Tax experts have called for urgent clarification from the Central Board of Direct Taxes (CBDT) on the scope of “export incentives” under the newly implemented Income-tax Act, 2025 (ITA 2025). They warn that the broader wording could unintentionally widen the tax net and trigger fresh disputes.
The concern stems from Section 26 of the new income tax law, which replaces the more specific provisions under Section 28 of ITA 1961. Earlier, only certain export-linked incentives — such as duty drawback, Remission of Duties and Taxes on Exported Products (RoDTEP), and similar scrip-based benefits actually received by exporters — were explicitly taxable as business income. However, the new law uses the wider expression “any other export incentives”, raising apprehensions that even indirect or notional benefits could be brought within the tax ambit.

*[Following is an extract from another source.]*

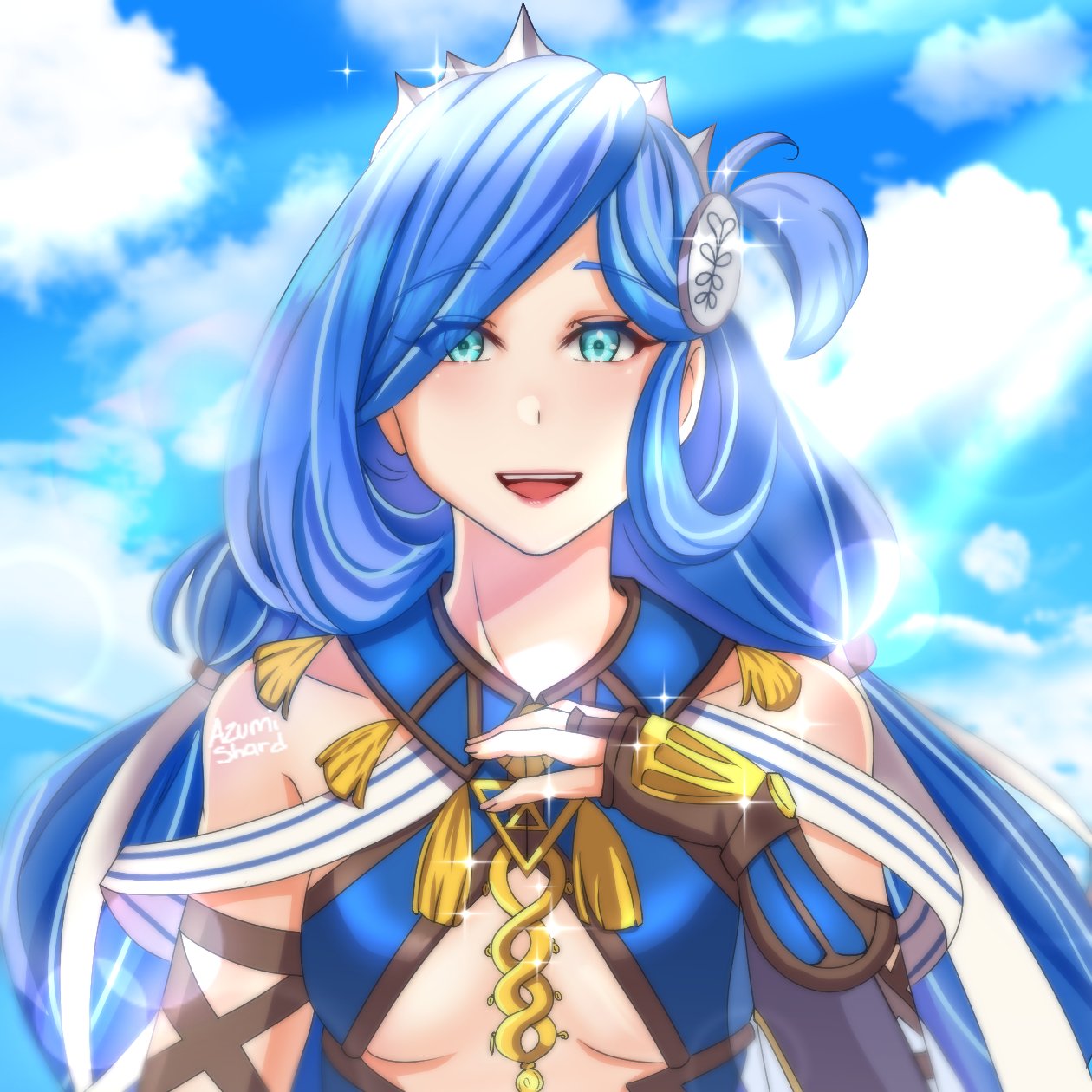 1girl, artist_name, azumishard, blue_hair, clouds, crown, dana_(ys), elbow_gloves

For context, the RoDTEP scheme refunds embedded taxes and duties to exporters to make Indian goods competitive globally. The Export Promotion Capital Goods (EPCG) scheme allows businesses to import capital goods at zero or concessional Customs duty, subject to export obligations. Similarly, the Manufacturing and Other Operations in Warehouse Regulations (MOOWR) scheme permits deferred Customs duty on imported inputs used in manufacturing, improving cash flows for businesses. Experts say the shift from a scheme-specific to a principle-based approach, aimed at simplifying the law, risks creating interpretational ambiguity.
According to an tax expert, the broader reference to export incentives under Section 26 could signal a change in tax position, at least in law. “While the intent may be to streamline provisions rather than alter policy, the absence of clear boundaries risks expanding the tax net to benefits that may not have been meant to be taxed,” he said. He pointed out that notional benefits — such as savings in Customs duty under EPCG or interest and cash-flow advantages under MOOWR — could now come under scrutiny. “A timely clarification from the CBDT would help ensure consistency and avoid unintended disputes,” he added.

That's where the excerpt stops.